Seeing as we are all from Michigan I am always looking for good places to buy meat, especially stuff that is sometimes hard to find up here like flank steak, "Real" Andoule sausage, etc.

I used to buy from Jones Market in Saranac but now have been buying from Byron Meats in Byron Center where I work.

Nice thing with Byron Meats is they have the proper equipment to do 27-30 day dry aging.

Anyhow, I was just checking to see if I'm missing out on other places close to Grand Rapids.

Thank you!

JohnB

Oh, just remembered. Looking for Beef Cheek now to do Smoked Barbacoa with :)


----------



## humdinger (Jan 22, 2014)

John,
Not sure what stores are available in your area, but I like to watch the sales fliers for various grocery stores and stock up when the prices are down.

Also, I know Gordon food stores are pletniful over there near Grand rapids, so you might want to try them for pork butts and Briskets. The location near me has the best prices I've seen by at least 50cents per pound.


----------



## johnbphotos (Jan 22, 2014)

I typically like to stay away from the "big markets" like Meijer, Sam's etc. and prefer the cuts and quality I get at butcher shops. I do pay more but I honestly think I get better meat, and the ones I buy from purchase their beef, pork etc. from local farms.

I like supporting our local businesses as much as possible even if it means paying more.

We do have a GFS here but I've never shopped there.

Thank you for your input!!!


----------



## buddhageek (Jan 31, 2014)

I also recommend GFS (not just because I work there either). If you can buy directly from a farmer that is always best. The closer one can get to the source the better as far as I'm concerned. I've never been in Byron Center Meats but I've only heard good things. I sent a message to you all on Facebook about getting pork belly to try making my own bacon but never got a reply. Do you sell that?


----------



## johnbphotos (Jan 31, 2014)

Byron Center Meats does sell Pork Belly but on special order only. It takes them 2-3 days to get it and it runs around $3 per pound


----------



## buddhageek (Jan 31, 2014)

OK, thanks! I'll know where to go when I'm ready to tackle that project.


----------



## johnbphotos (Jan 31, 2014)

I'm still trying to find Beef Cheek for some Barbacoa. They were nice enough to give me a number for the slaughter house.

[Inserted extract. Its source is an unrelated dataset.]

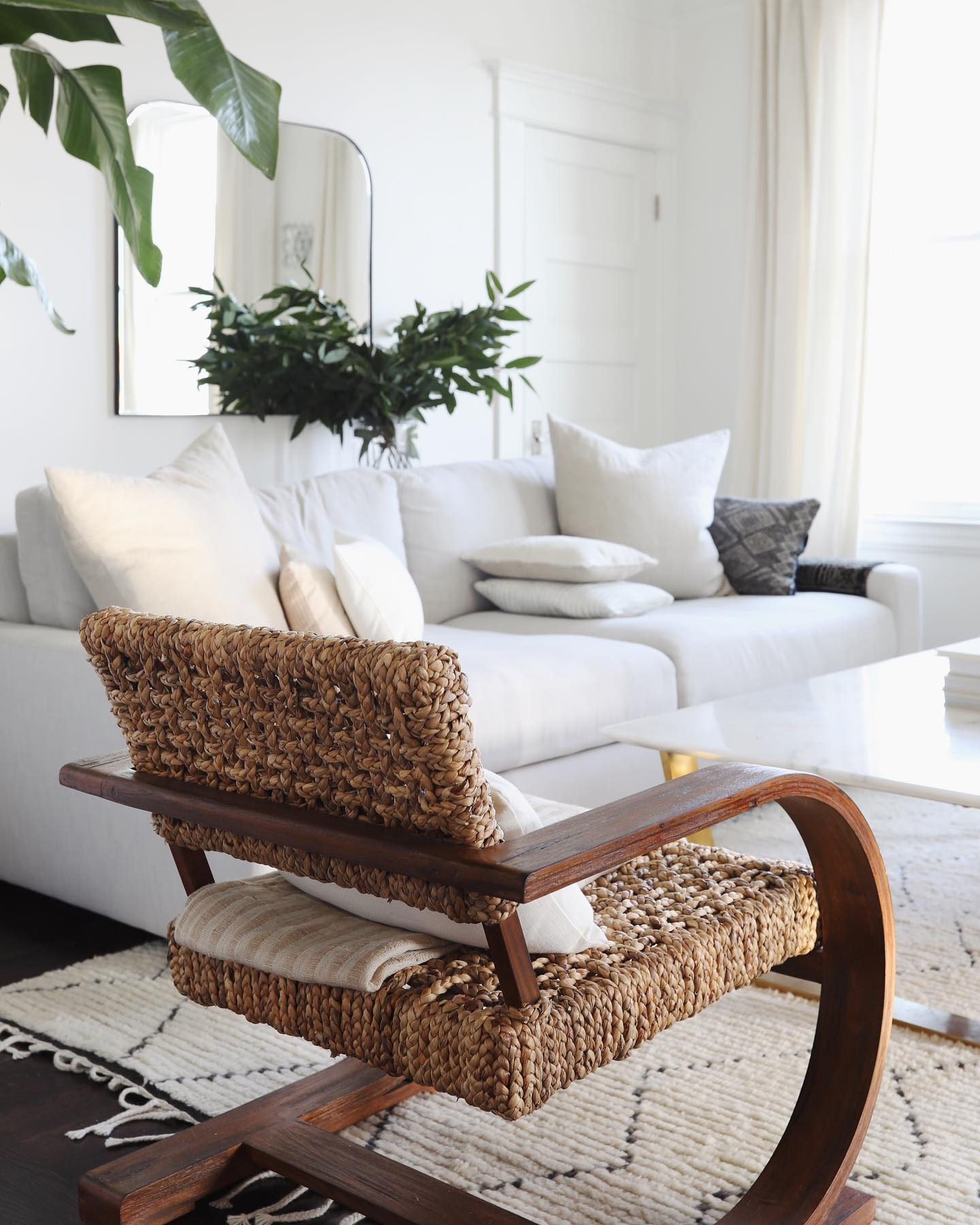 Shaka Accent Chair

West Michigan Beef 616-669-1212


----------



## kbrower11 (Aug 9, 2015)

I buy most of my meat that I smoke from a local butcher.  I live in Zeeland, so I use "Bob's Butcher Block" for my meat.

Happy smoking!


----------



## b-one (Aug 9, 2015)

The GFS on 28th is carrying Tri tip around $5# last pack I bought had six in it. I usally get my meat at GFS as in there a couple times a week anyways. If you like to spend there's a shop in Easttown called EA Brady's,it's on lake drive and  they carry some great looking meat I believe it's pasture raised last time I stopped there bone in strips were $29.99# but they looked great. I'll stick to a little cheaper meat I would hate to get spoiled on the good stuff.


----------



## kenn1320 (Aug 10, 2015)

Im also looking for a good place in the Howell area. I am done buying what looks to be good meat from Walmart/Meijer only to cook it and end up with mostly fat. Im talking roasts and larger cuts of meat, where you cant tell what you have till you cut into it.


----------



## rsnovi (Aug 10, 2015)

In my experience it seems like regular pork is pork to me.  I know there are some premium types of hogs which I have never tried, but I don't seem to find a lot of variation in taste between the local butcher and Meijer.  Beef on the other hand seems to be the exact opposite.  I find a big difference between a local butcher and the big grocery stores.

These are the places that I have found to provide good meats in my area:

- Jerry's Market - Tecumseh, MI (my goto place to stock the freezer)

- A&A - Jackson, MI

- Beef Barn - Jackson, MI

- Prime Cuts - Jackson, MI

- Manchester Market - Manchester, MI


----------